--- START ---

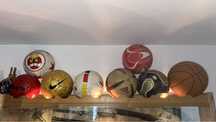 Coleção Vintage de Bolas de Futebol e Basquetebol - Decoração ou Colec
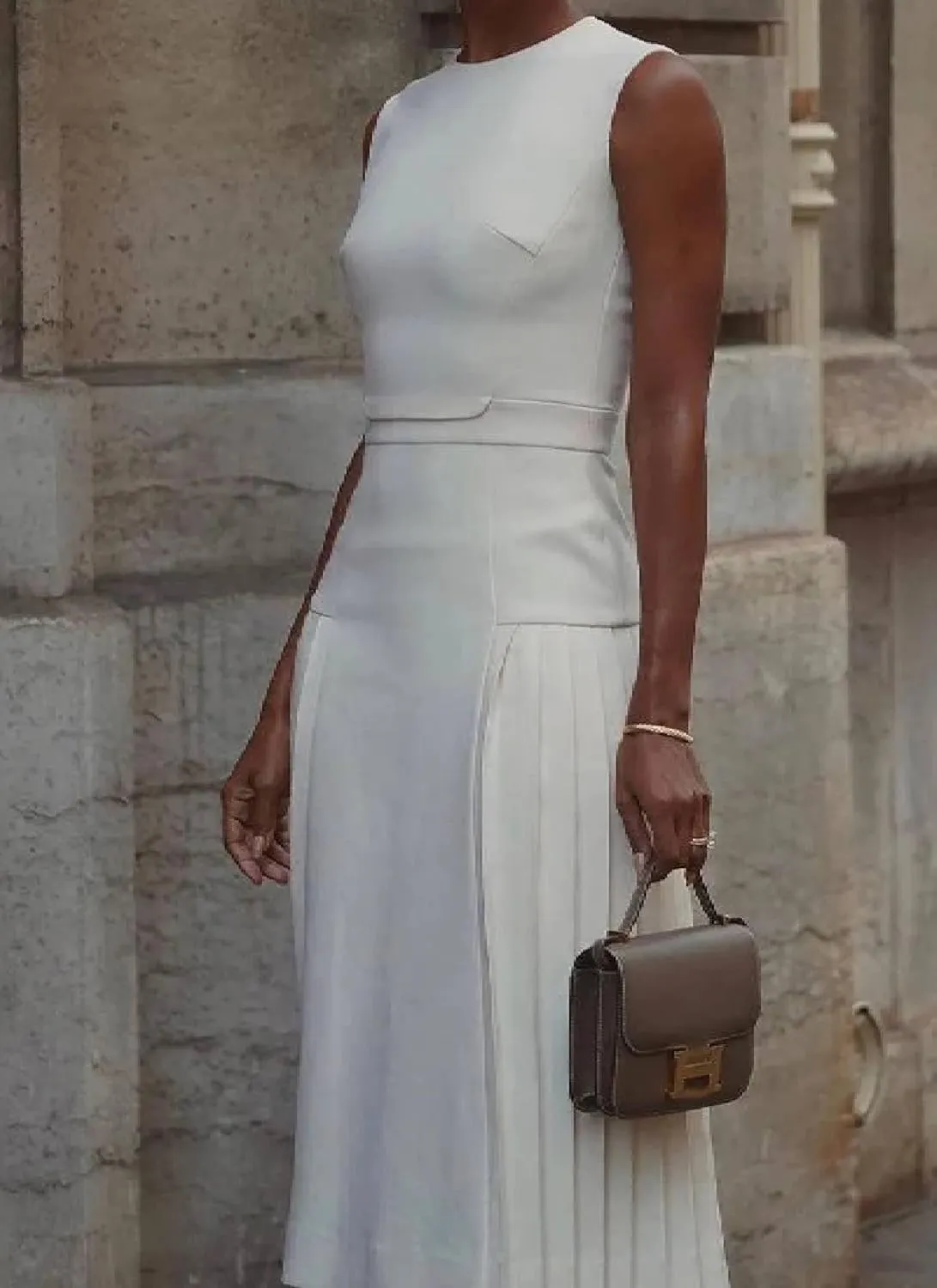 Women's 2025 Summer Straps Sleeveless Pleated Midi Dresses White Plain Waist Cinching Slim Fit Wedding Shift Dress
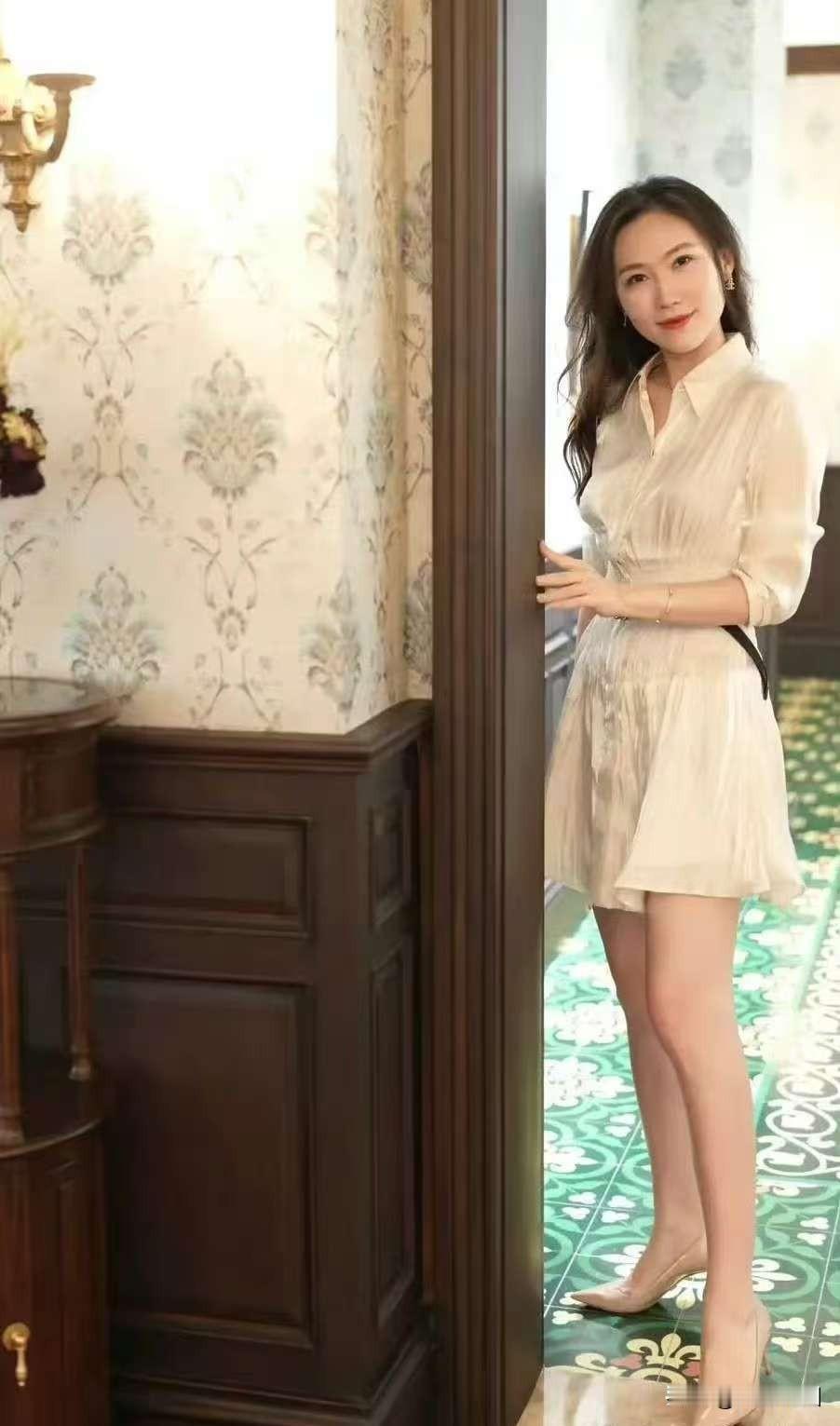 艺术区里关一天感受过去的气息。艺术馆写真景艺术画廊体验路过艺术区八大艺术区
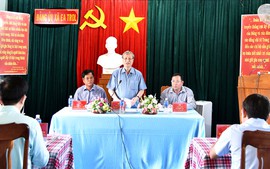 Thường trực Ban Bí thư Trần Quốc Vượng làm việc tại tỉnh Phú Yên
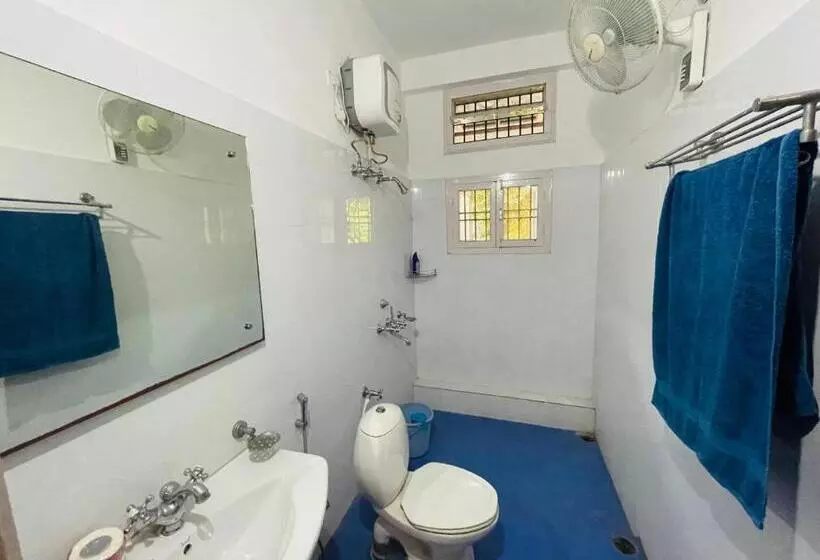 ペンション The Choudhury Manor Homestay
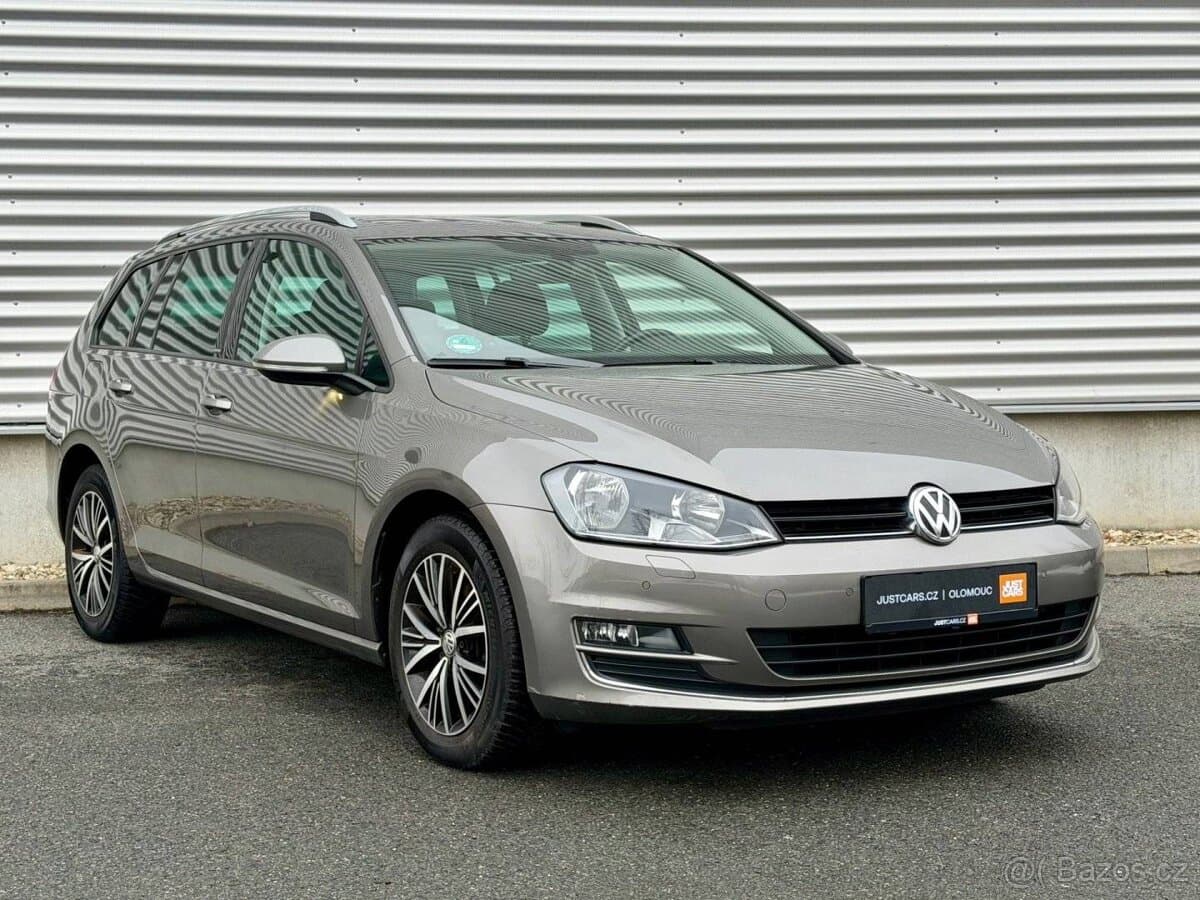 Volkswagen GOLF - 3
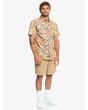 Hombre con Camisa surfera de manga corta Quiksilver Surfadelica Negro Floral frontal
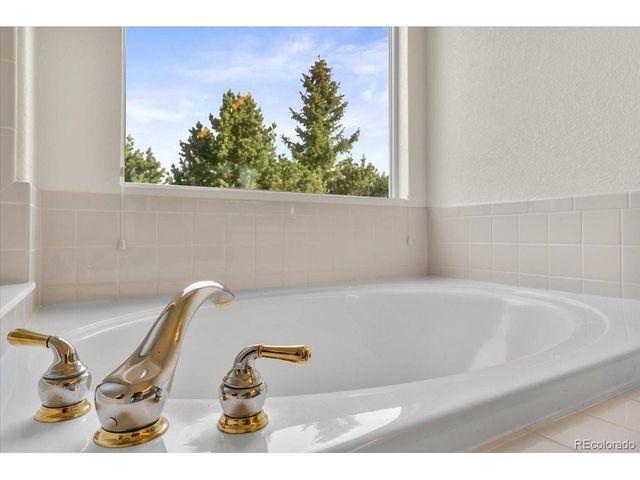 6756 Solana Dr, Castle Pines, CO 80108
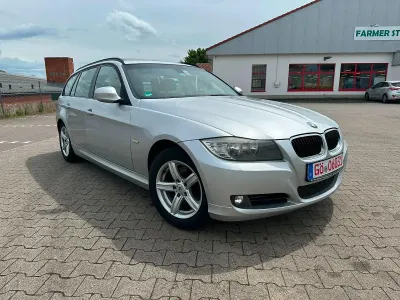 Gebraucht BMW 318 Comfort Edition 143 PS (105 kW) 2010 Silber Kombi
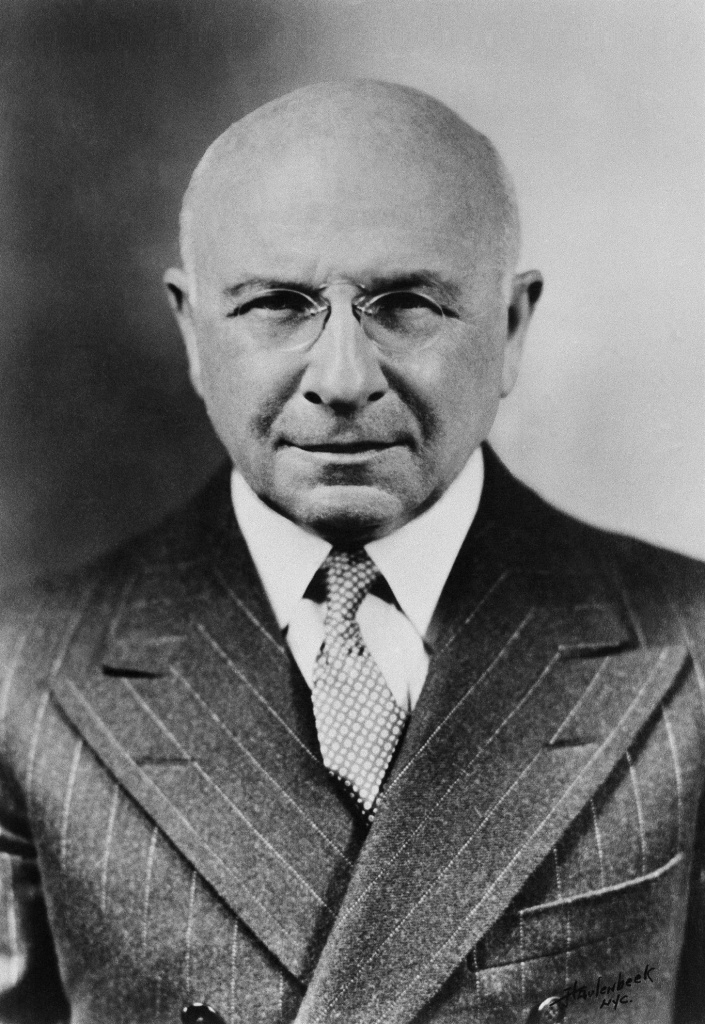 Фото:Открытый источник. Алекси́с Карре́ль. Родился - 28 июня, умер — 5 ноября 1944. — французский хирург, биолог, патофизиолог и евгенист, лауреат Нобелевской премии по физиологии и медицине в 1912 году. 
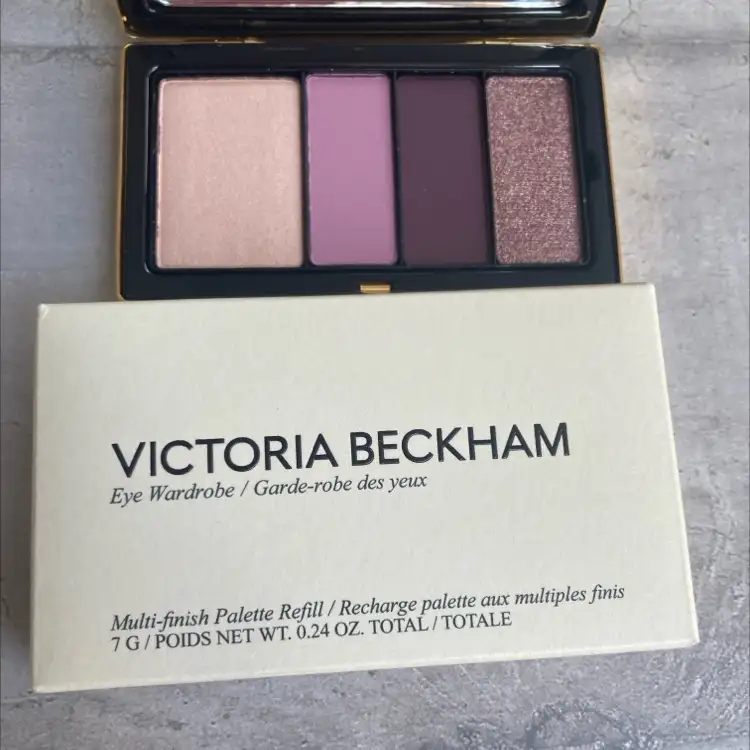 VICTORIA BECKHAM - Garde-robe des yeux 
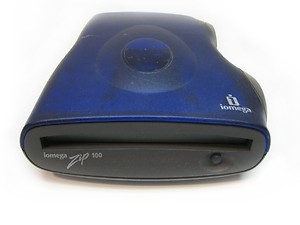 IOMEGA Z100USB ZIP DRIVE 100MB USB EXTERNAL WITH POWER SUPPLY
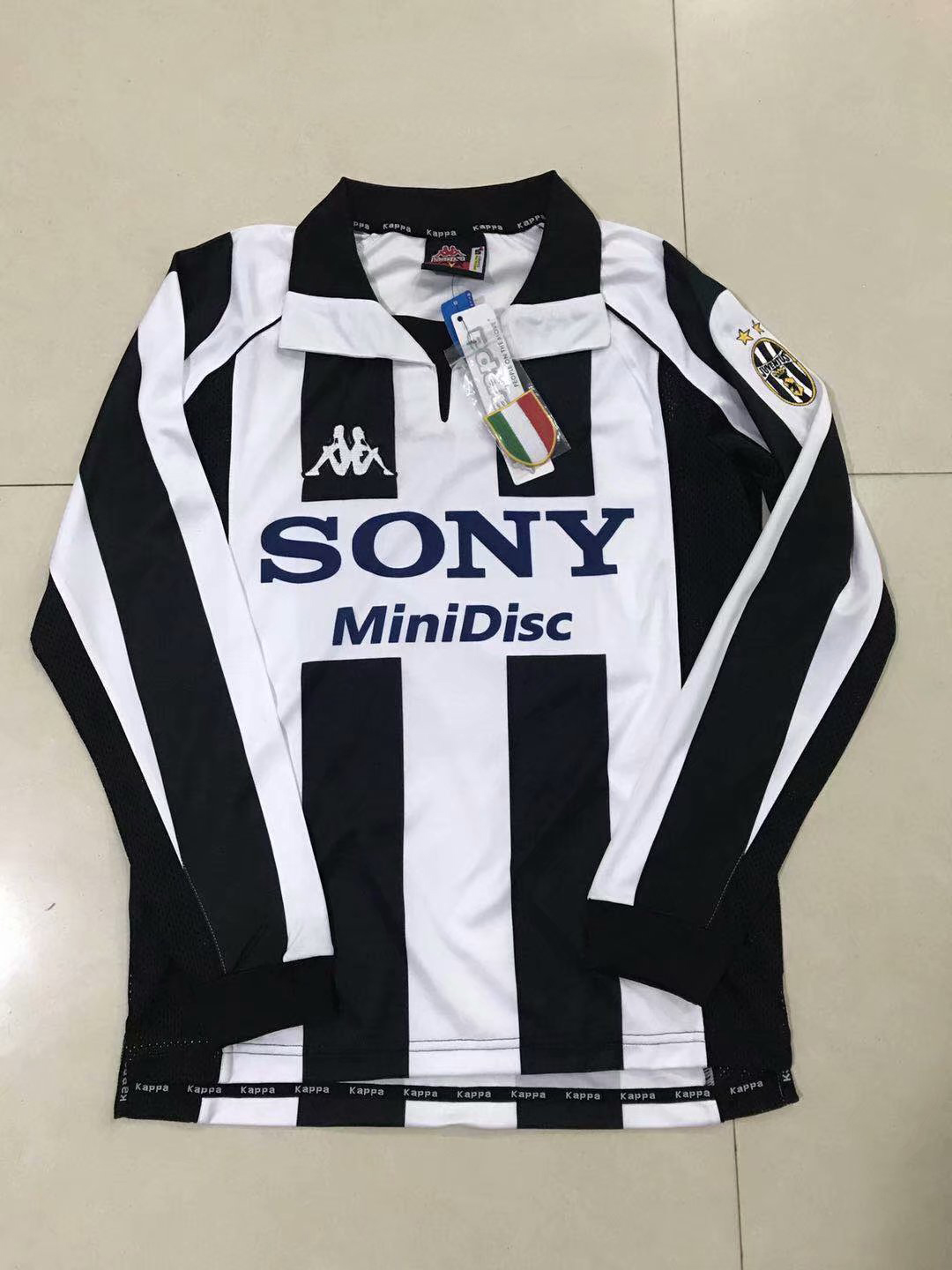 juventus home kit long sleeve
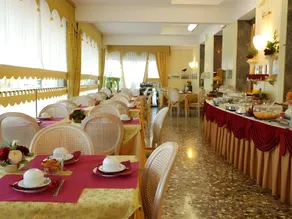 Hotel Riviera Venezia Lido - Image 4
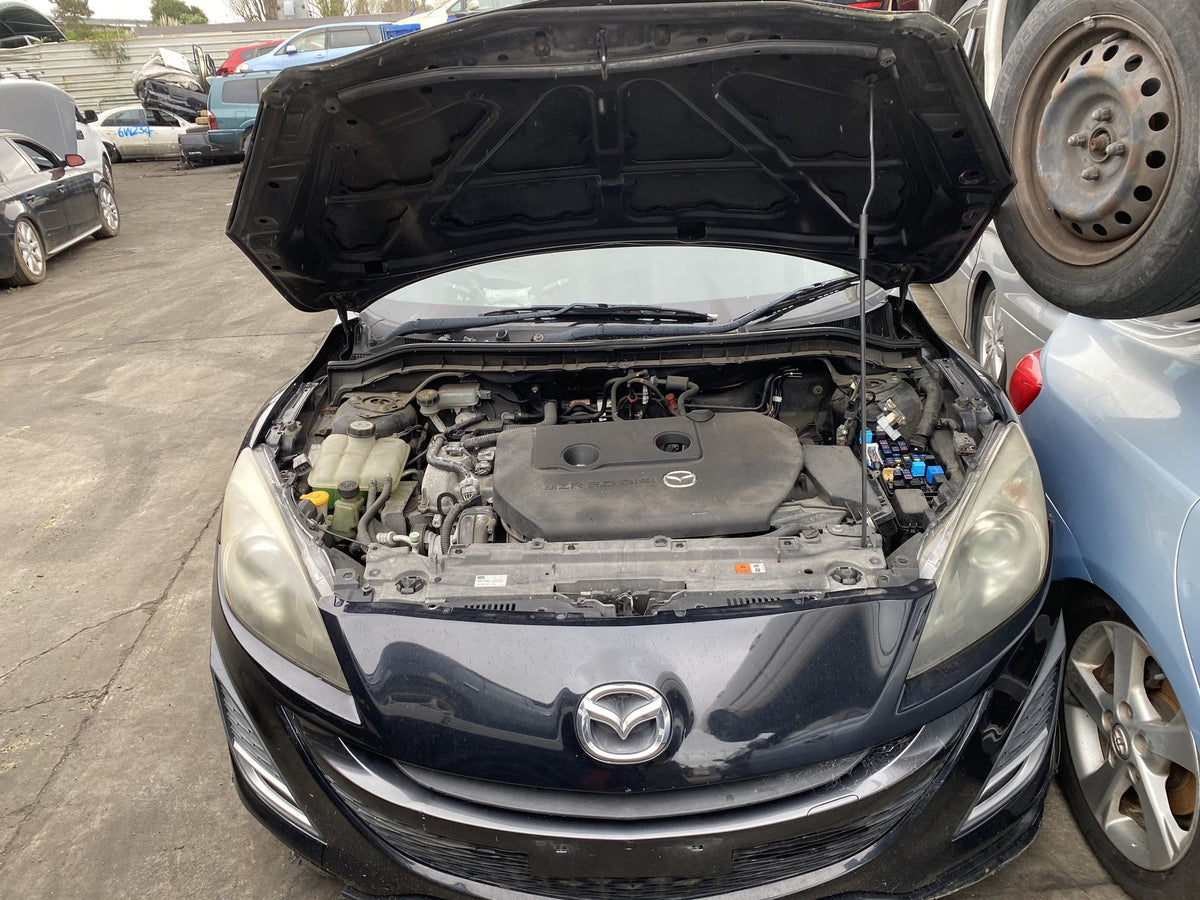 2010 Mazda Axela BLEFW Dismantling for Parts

--- END ---

*ACTIVITY:*
Print the records above again exactly. Leave out the images.

*RESPONSE TO THE EXERCISE:*
 Coleção Vintage de Bolas de Futebol e Basquetebol - Decoração ou Colec
 Women's 2025 Summer Straps Sleeveless Pleated Midi Dresses White Plain Waist Cinching Slim Fit Wedding Shift Dress
 艺术区里关一天感受过去的气息。艺术馆写真景艺术画廊体验路过艺术区八大艺术区
 Thường trực Ban Bí thư Trần Quốc Vượng làm việc tại tỉnh Phú Yên
 ペンション The Choudhury Manor Homestay
 Volkswagen GOLF - 3
 Hombre con Camisa surfera de manga corta Quiksilver Surfadelica Negro Floral frontal
 6756 Solana Dr, Castle Pines, CO 80108
 Gebraucht BMW 318 Comfort Edition 143 PS (105 kW) 2010 Silber Kombi
 Фото:Открытый источник. Алекси́с Карре́ль. Родился - 28 июня, умер — 5 ноября 1944. — французский хирург, биолог, патофизиолог и евгенист, лауреат Нобелевской премии по физиологии и медицине в 1912 году. 
 VICTORIA BECKHAM - Garde-robe des yeux 
 IOMEGA Z100USB ZIP DRIVE 100MB USB EXTERNAL WITH POWER SUPPLY
 juventus home kit long sleeve
 Hotel Riviera Venezia Lido - Image 4
 2010 Mazda Axela BLEFW Dismantling for Parts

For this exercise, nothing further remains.